3. Kaum muslimin berjumlah 1400 orang, keluar bersama unta-unta mereka, tanpa membawa senjata, bukti mereka tidak ingin berperang.

4. Kaum musyrik Quraisy berusaha menghalangi kaum muslimin, setelah kaum Muslimin tiba di Usfan (sekitar 80 km dari Mekah), Busra bin Sufyun datang dengan membawa kabar tentang Quraisy yang telah mengetahui kedatangan Rasulullah Shallallahu ‘alaihi wa sallam dan mereka telah menyiapkan pasukan untuk menghalangi kaum Muslimin memasuki Mekah. Dan Khalid bin Walid dengan pasukan kudanya sudah sampai di daerah Kura’ al-Gamim yang jaraknya dengan Mekah sekitar 64 km.

5. Untuk menghindari pertempuran Rasulullah Shallallahu ‘alaihi wa sallam mengambil jalan alternatif melalui Tsaniyyatil Mirar yaitu nama suatu tempat Hudaibiyah.

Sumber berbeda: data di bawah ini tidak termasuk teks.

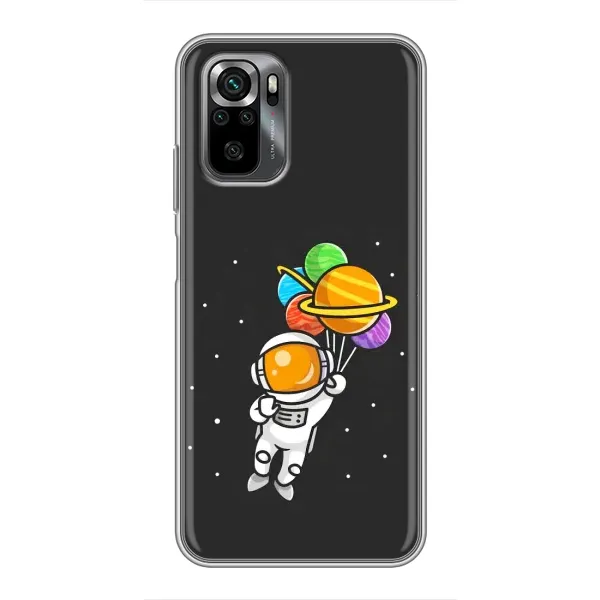Чехол с рисунком «Космонавт с шариками» для Xiaomi POCO M5s Чехол с рисунком «Космонавт с шариками» для Xiaomi POCO M5s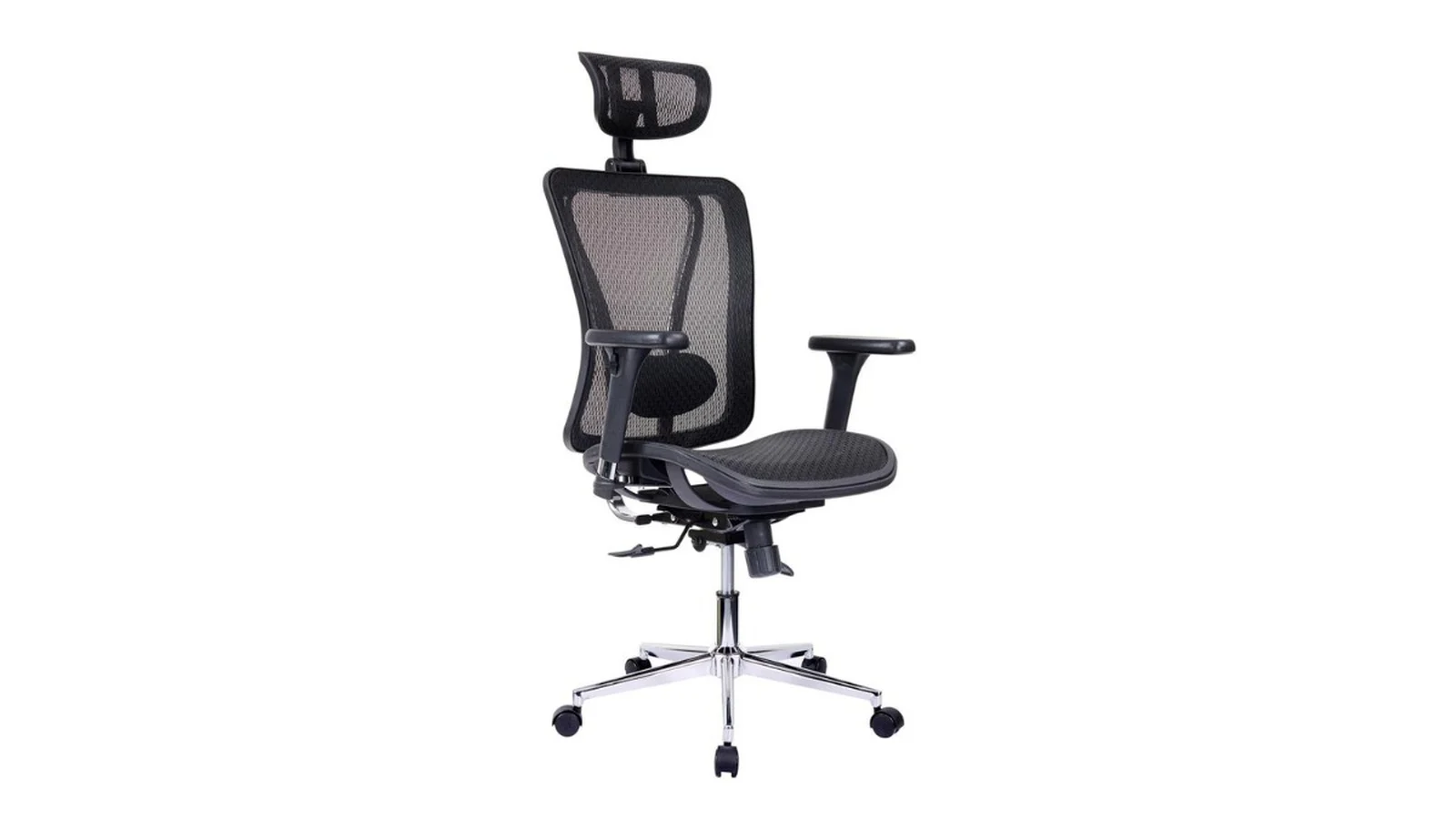 Trio Supply House Mesh Office Chair: Arms and Headrest - Autonomous.ai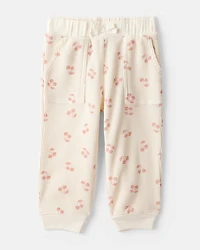 Baby Girl 2-Piece Cherry Fruit Print Long-Sleeve Tee & Pant Set - Ivory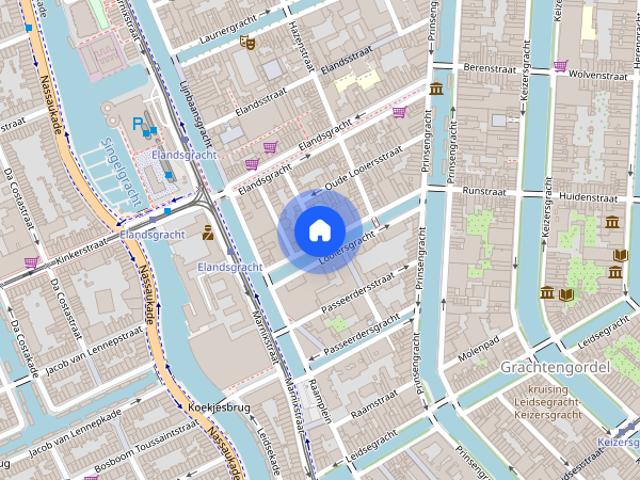 Woning aan de Tweede Looiersdwarsstraat te Amsterdam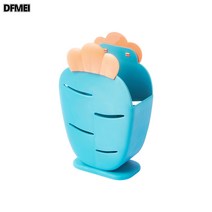 DFMEI 가정용 수저 포크 식기 수납함 주방 다용도 수저통, 라임그린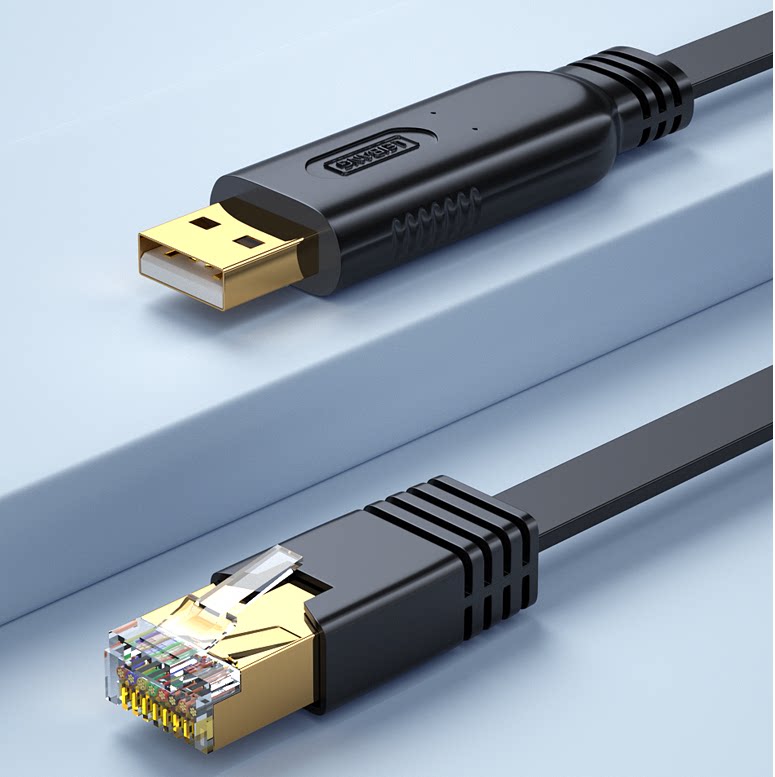 usb转console调试线USB转RJ45控制线交换机路由器AP防火墙配置线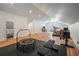 Bonus room gym with a treadmill, exercise bike, and weights at 3365 Westphal Dr, Johns Island, SC 29455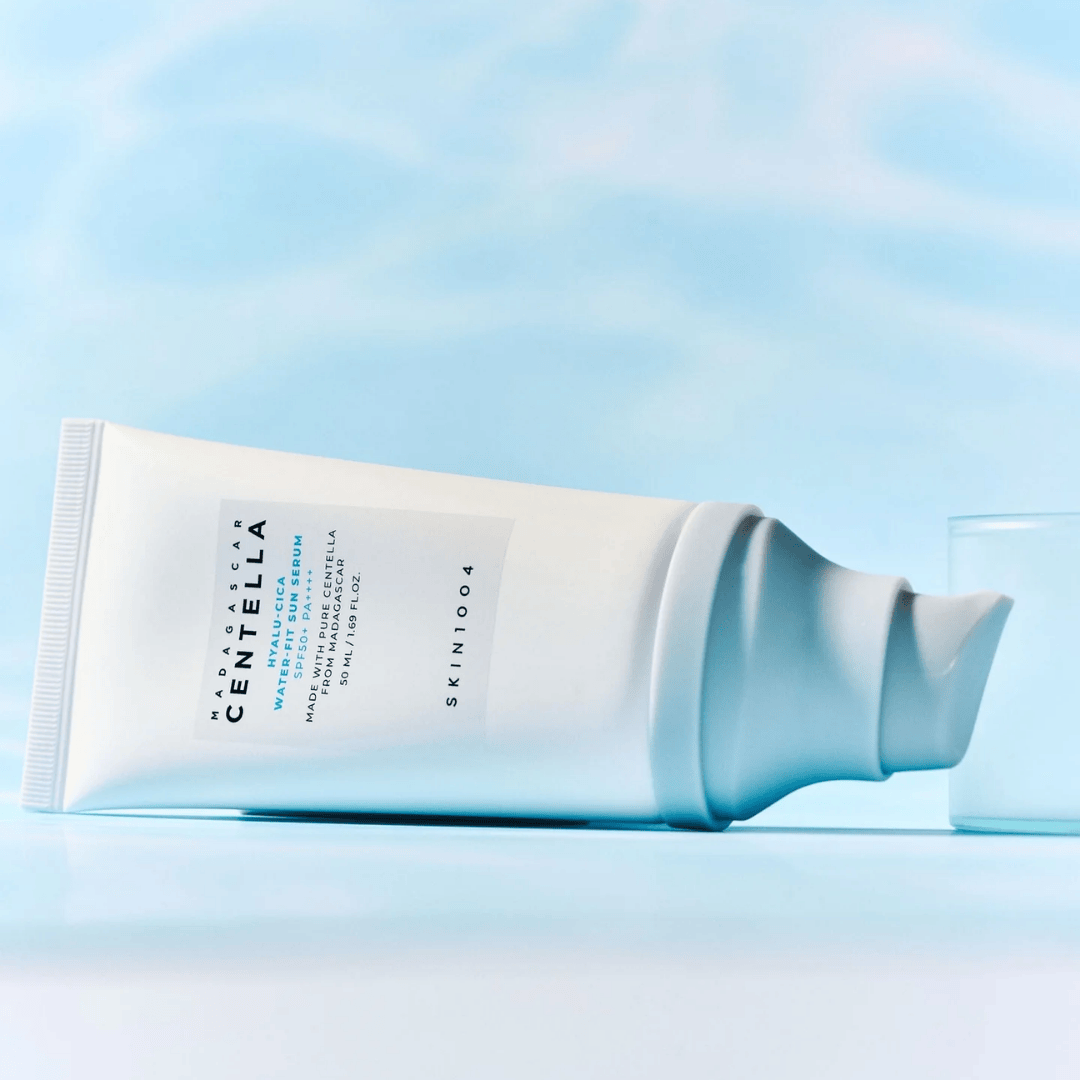 SKIN1004 Madagascar Centella Hyalu - Cica Water - Fit Sun Serum JUMBO 100ML - AU Beauty Bazaar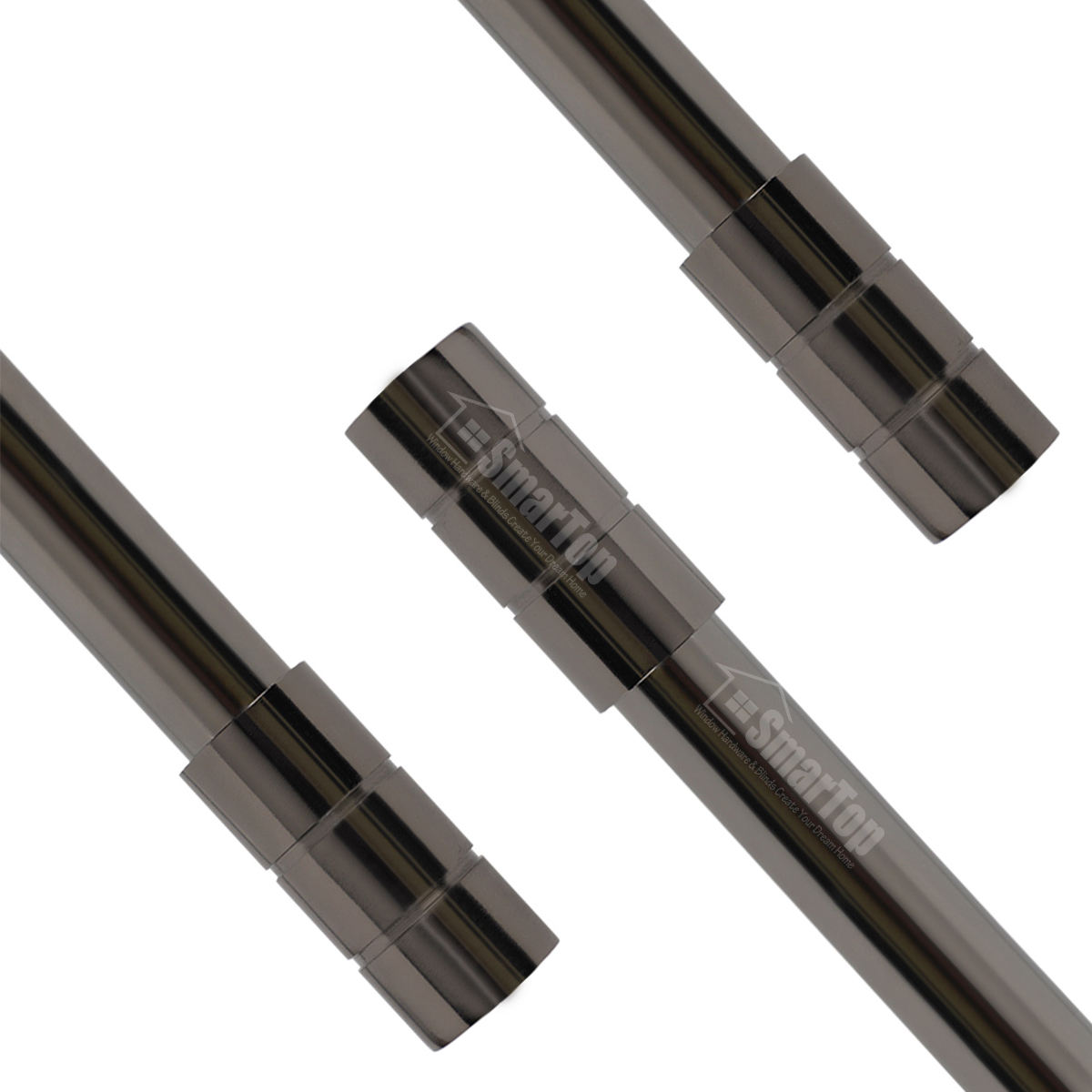 Modern Design Extendable Metal Curtain Rod Pole Sets Factory Direct for Windows Decorative Window Treatments in Living Room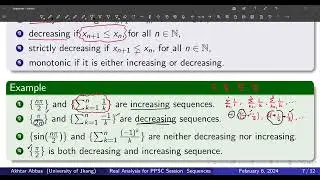 Real Analysis-02, Sequence of Real Numbers (Part-2/4) | Suppose Math with Akhtar Abbas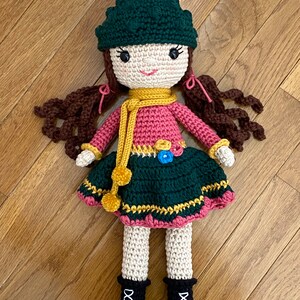 Handmade Crochet Doll, 16 inches tall, Amigurumi Doll image 2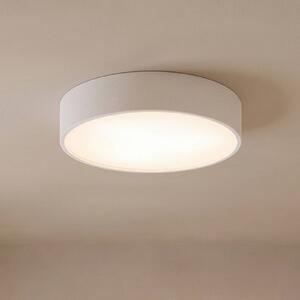 TEMAR LIGHTING Cleo 400 mennyezeti világítás, IP54, Ø 40 cm, fehér, dimmelhető, Fehér / opál, Nappali / Étkező, fém, Modern
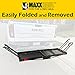 MaxxHaul 50641 60 inch x 20 inch 500 lb. Capacity 2 in 1 Hitch Mount Cargo Carrier Rack and 2 Bike Rack for 2 inch Receiver
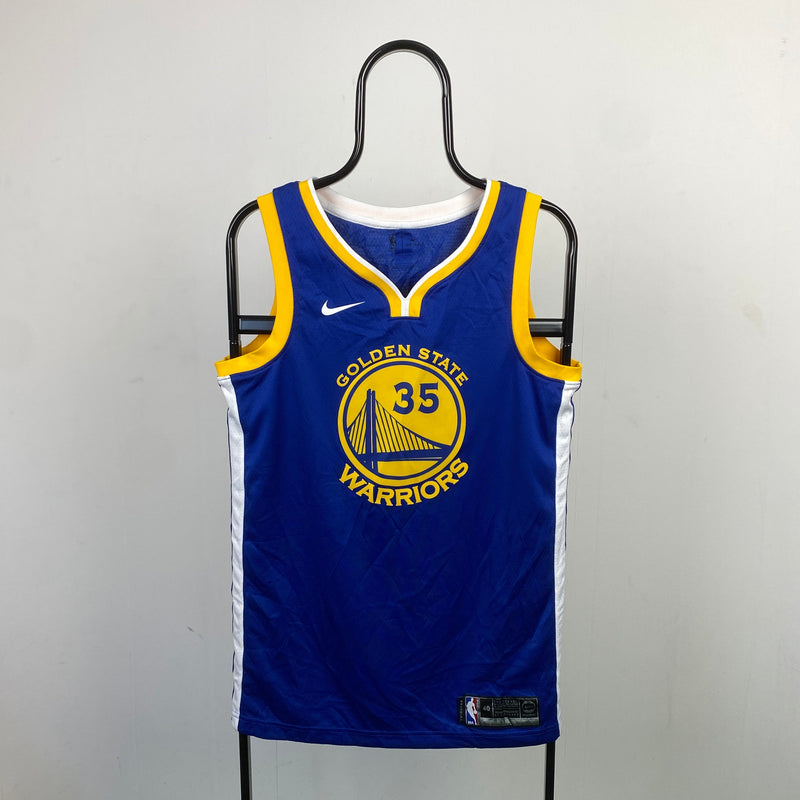 Vintage Nike Golden State Durant Basketball Vest Jersey T-Shirt Blue Small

6. Rasulullah mengirim utusan untuk bernegosiasi menegaskan bahwa kedatangan mereka adalah untuk umrah, lalu memilih Umar bin Khattab, namun Umar menolak

يا رسول الله صلى الله عليه وسلم ليس لي بمكة أحد من بني كعب يغضب لي إن أوذيت، فأرسل عثمان بن عفان، فإن عشيرته بها، وإنه مبلغ ما أردت، فدعاه، وأرسله إلى قريش

“Wahai Rasulullah saya khawatir terhadap diri saya sendiri dari orang-orang Quraisy. (karena) di Mekah tidak ada satu pun Bani Adiy bin Ka’ab yang bisa menolongku, sementara kaum Quraisy sudah mengetahui bagaimana permusuhannku dan bagaimana kerasnya aku terhadap mereka. Saya akan tunjukkan orang yang lebih terpandang di mata kaum Quraisy daripada aku yaitu Utsmân bin Affân Radhiyallahu anhu, kemudian beliau memanggil Utsman dan mengutusnya kepada Quraiys. (Shafiyurrahman al Mubarakfury, Ar Rahiqil Makhtum, 1/311)

7. Lama berselang waktu, tersiar kabar bahwa Utsman bin Affan terbunuh, kemudian Rasulullah memanggil para sahabat untuk berjanji setia (bai’at) untuk sabar membela Islam, setia dan siap mati untuk Islam, dan tidak akan berkhianat dalam peperangan.semua sahabat berbaiat di bawah sebuah pohon kecuali seorang munafiq yang bernama Jad bin Qais.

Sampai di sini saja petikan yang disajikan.